Entertainment Column

Game show fever a pandemic


By JAMES BREIG- | Comments: 0 | Leave a comment

What are we to make of Game Show Fever?

There's no doubt everyone's got it. My wife Mary and I watch ABC's "Who Wants to be a Millionaire" every time it's on, guessing at answers. During commercials, I phone our son Jim to comment on a contestant's failure to know what Will Rogers said or where the iris is.

With less regularity, he and I watch "Greed" on Fox, a show so complicated that contestants need a Talmudic scholar just to know where to stand -- on the left or right? -- during a challenge.

Too much too soon

They also have to recall things like the names of female characters from James Bond movies. Retaining such useless information can put a few hundred thousand greenbacks in your wallet. That's the problem: The prize money escalates too quickly. Rewarded prematurely, the "Greed" teams invariably retire from the fray rather than risk what they have won to try for the top prize.

NBC's "Twenty-One" learned that lesson and took the unusual step of reducing its prize money. This show resurrects the isolation booths from the bad old days of quiz shows in the 1950s. That's when the questions were tough but the answers came easy because they were given to the contestants beforehand.

What I love about "Twenty-One" is that it has a live band playing the heartbeat music that is common on game shows. Seated like wax figures in a balcony and sawing away rhythmically, they look a lot like Ernie Kovacs' Nairobi Trio -- but you have to remember more of the 1950s to know what I'm talking about.

Watch this space

CBS's brief foray into the game show craze was hosted by Dick Clark and called "Winning Lines," a title which had absolutely nothing to do with the show. It wasn't tough to play along -- unless your cranium is taxed by this: "If you take the number of days in the week and multiply by two, what do you get?"

In the bizarre final round, the winner was strapped into a dentist's chair while staring at a movable wall filled with floating answers. The only thing I could think of was the brainwashing scene from "Clockwork Orange." The show was mercy-killed after only a few airings.
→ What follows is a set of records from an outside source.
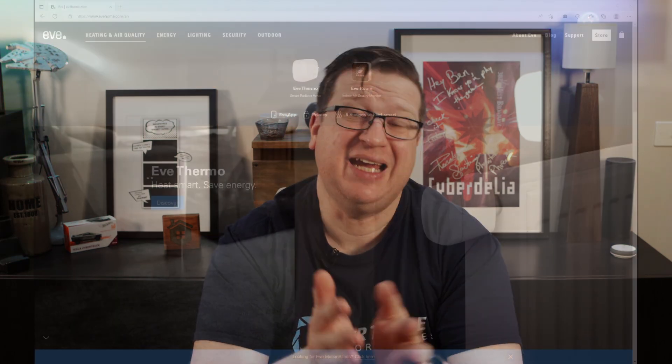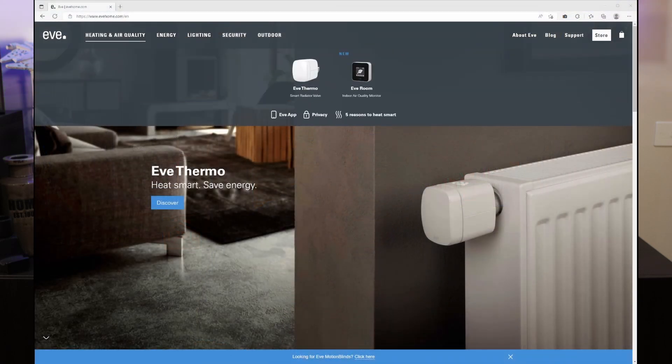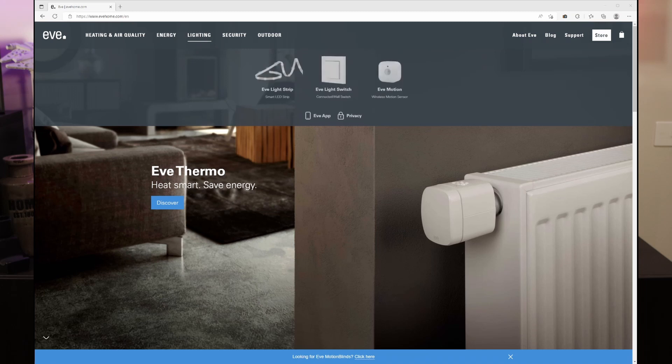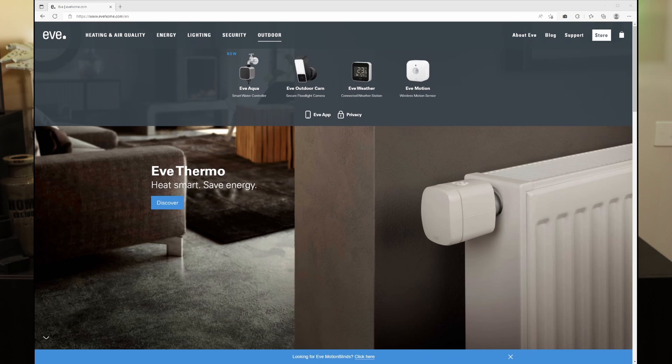There are other accessories already out in the market too, like the EVE ecosystem of motion sensors, door and window sensors, etc. I am considering getting my hands on some of those EVE accessories, but they are kind of expensive. If you want to see those accessories and my review, let me know in the comments section down below and I'll get some on board.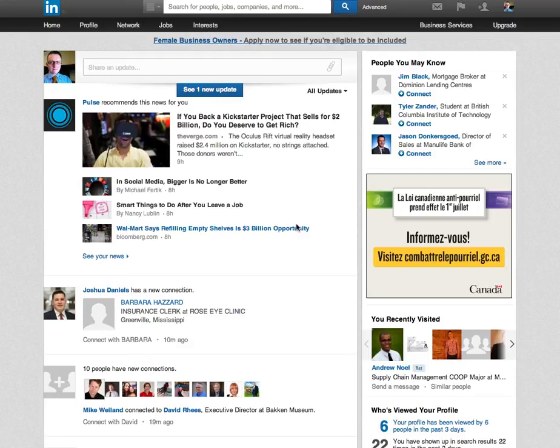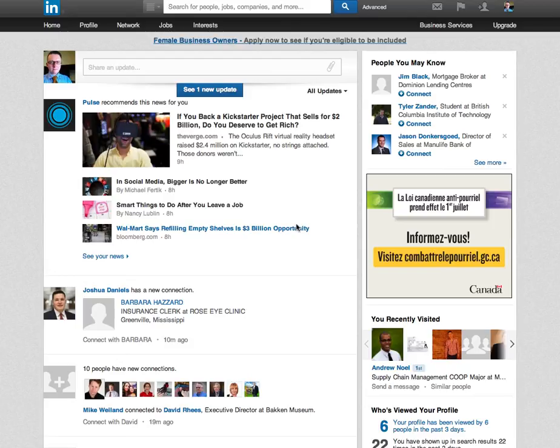Someone needed me to contact somebody in my LinkedIn contacts who was in a particular industry, so I needed to find out everybody who was in that industry and then find out which of those persons I needed to contact.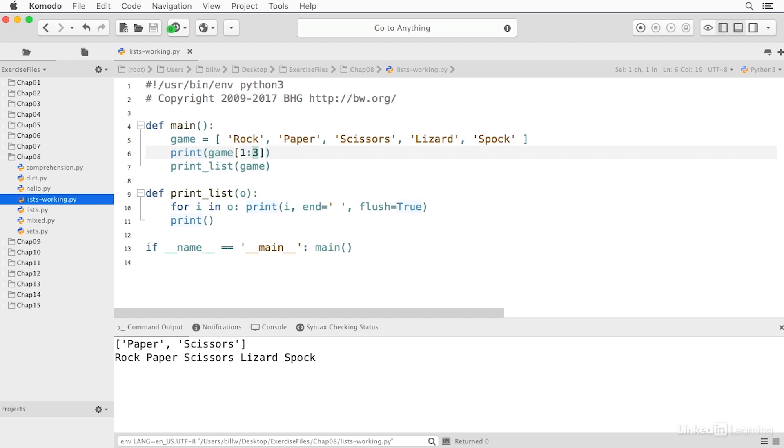And again, just like range, I can use the beginning, the end, and a step. And so this would start at paper and it would be every second item ending at the fifth item. And so if I run this, I'll get just paper and lizard.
The big kahuna of the bunch, of course, is "Millionaire," which gives away millions but which also takes in millions; in fact, more than one-fourth of its hour is gobbled up by advertising. The show, widely credited with saving ABC's bacon, routinely occupies half of the top-ten ratings slots.

Rex Regis

Regis Philbin, the king of "Millionaire," credits some of its success to its being a show families can watch together, with little children able to answer the first four or five questions. There's something to that, as witness my own family. But I also suspect that people of all ages indulge in the guilty pleasure of seeing chagrined contestants slink away after not knowing what Little Jack Horner pulled out of his pie.

Which indicates again that some of the questions are a little less than brain-teasing. But they do increase in difficulty as the man in the hot seat (it has rarely been a woman) advances, question by question, toward the mil'.
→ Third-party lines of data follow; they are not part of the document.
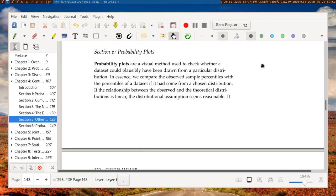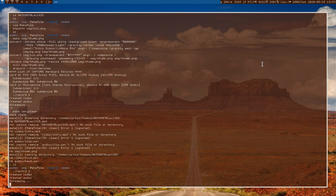That concludes my discussion of this zoo of random variables. In the next section, I'll talk about probability plots — a technique we can use to decide whether a certain phenomenon can be described by a particular random variable. Since continuous random variables don't always have nice narratives like discrete ones, probability plots give us a data-driven way to assess distributional fit. Until then, have a good day.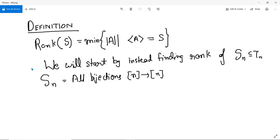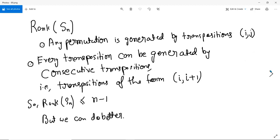Since we are looking at transformation semigroups, the most obvious thing to start with is T_N — the set of all functions from n to n. But we will instead start with S_N, the set of all permutations on a set of size n, all bijections from n to n. This is the group part of T_N, with invertibility. We will first be finding the generators for this, and we'll see this is a general theme in semigroup theory.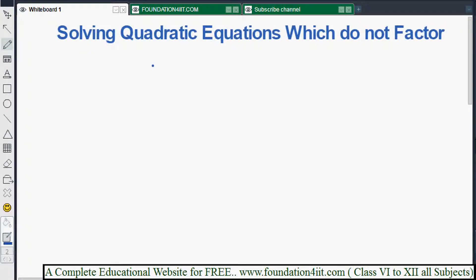Welcome to the educational channel. In this video, I'll explain how to solve quadratic equations which don't have any factors. We can't use factorization for these, so we can use a special formula — a magic formula.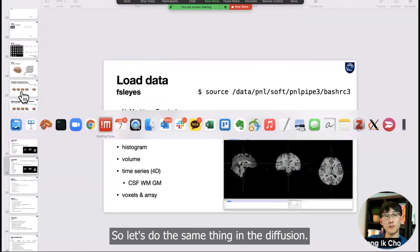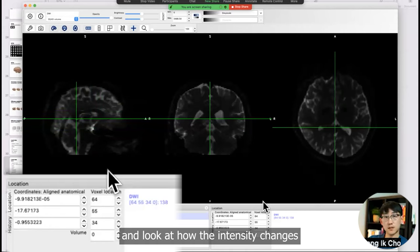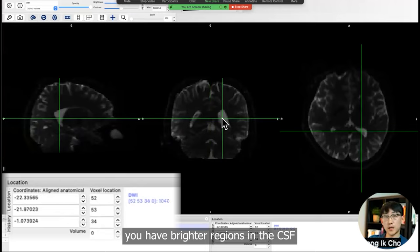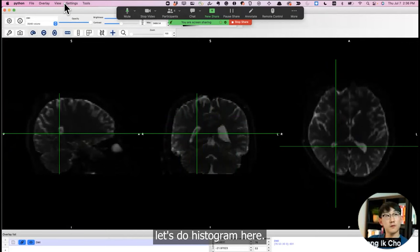Let's do the same thing in the diffusion. This is the diffusion map opened in FSL view. It's a little darker here, so you can go around that and look at how the intensity changes. Since this is an EPI map, you have brighter regions in the CSF, darker in other tissue. In the sulcus and gyrus, you can see CSF infusing here.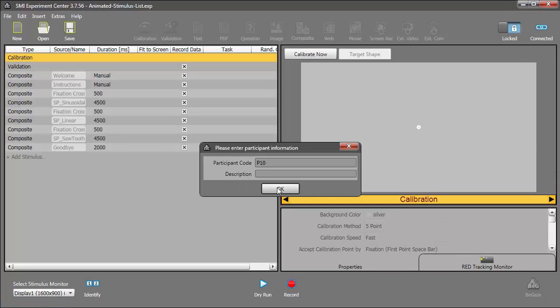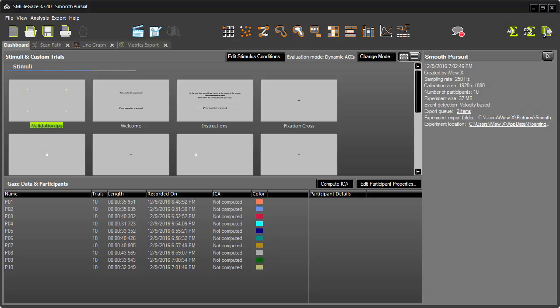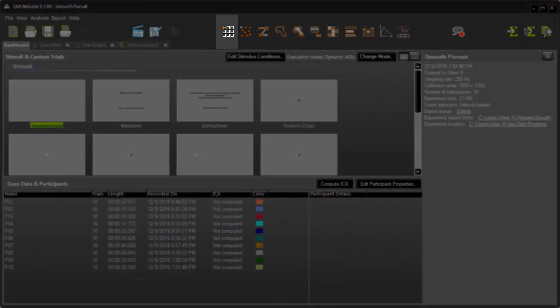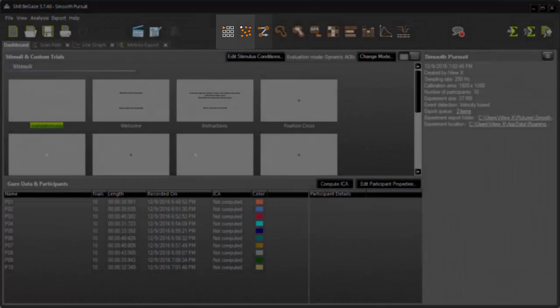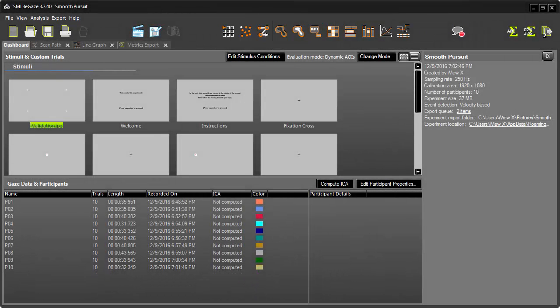After all my participants have completed the experiment, I just need to click BeGaze to analyze the data. Naturally, all the standard BeGaze data visualizations are available, such as Gaze Replay, Beeswarm, and ScanPath.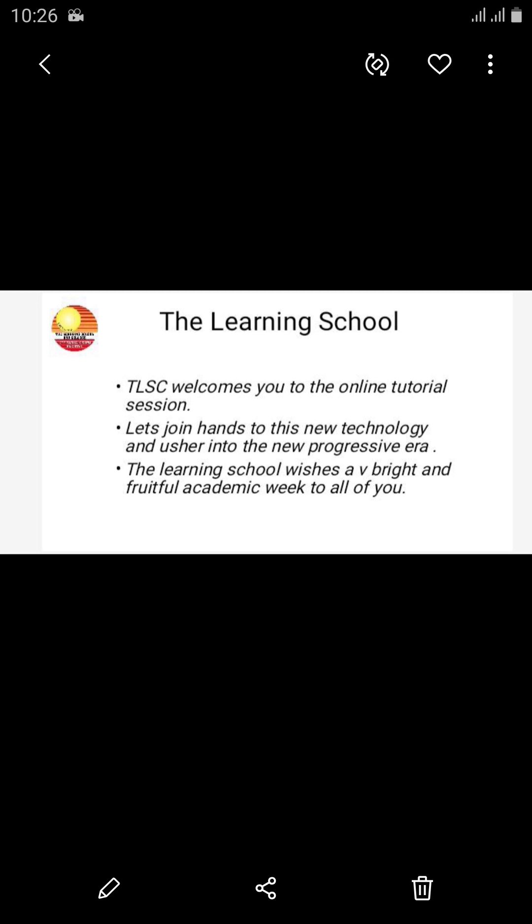Bismillahir Rahmanir Raheem. Assalamu alaikum. The Learning School welcomes you to the online tutorial session. Let's join hands to this new technology and usher into the new progressive era. The Learning School wishes a very bright and fruitful academic week to all of you.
Those who salute the host for the success of this show are partially right. Maury Povich of "Twenty-One" seems unsure of his duties, while Chuck Woolery on "Greed" keeps the rules in front of him at all times because even he is confused by them.
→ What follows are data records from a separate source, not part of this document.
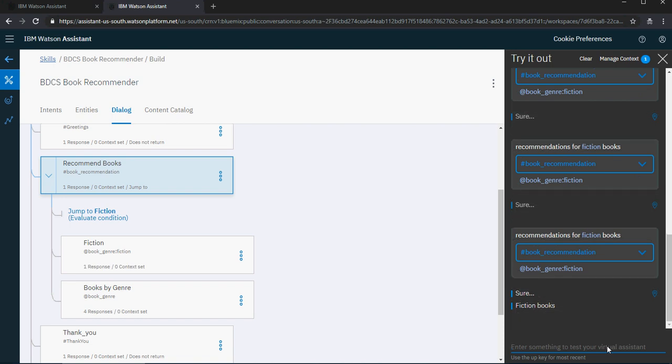I'm going to say 'recommend fiction books' — now you can see the fiction book response is showing. Please note that the first rule is making sure the more specific, more restrictive nodes are above the more broad or generic, less restrictive nodes. So fiction is more restrictive compared to the broader book genre.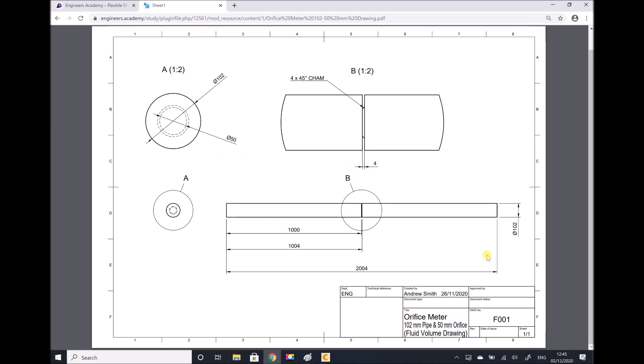Hello, this is Andy from the Engineers Academy, and in today's video tutorial we're going to be using computational fluid dynamics, also just referred to as CFD, in order to evaluate the flow through an orifice meter.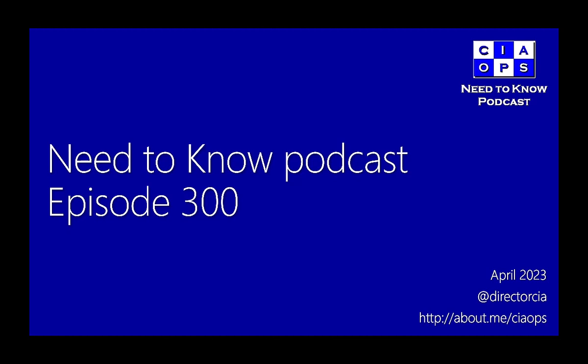All the latest Microsoft Cloud news, as well as industry guest deep dive conversations. It's the Need to Know Podcast, thanks to the CIA Ops patron community. Catch us on Twitter and Facebook, N2K Podcast, and online at ciaops.podbean.com.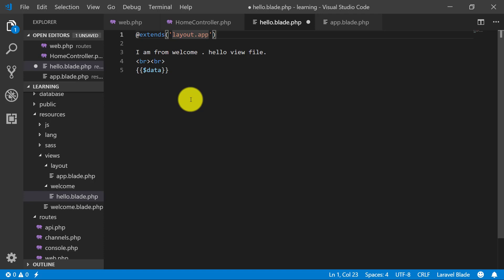@extends lets us extend the template which defines its own sections. A template that we can extend will define its own sections using @yield, which we can then put our own content into in our view file. Using @extends with @section is a more powerful and convenient way to use layouts, especially in larger applications. It allows for inheritance — we can provide a base template and a child template that extends it, which subsequently yields its own sections, and we can then extend that child template further.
But Regis remains Regis, sometimes avuncular, sometimes getting testy in his friendly way. (By the way, he should invite back the man who answered correctly about Teddy Roosevelt and JFK but who was called wrong. You know who I mean, Regis; give him another chance.)

Game show producers should note the success formula: Keep the game simple and put someone likable in charge. But making the questions a little more difficult wouldn't be such a bad idea.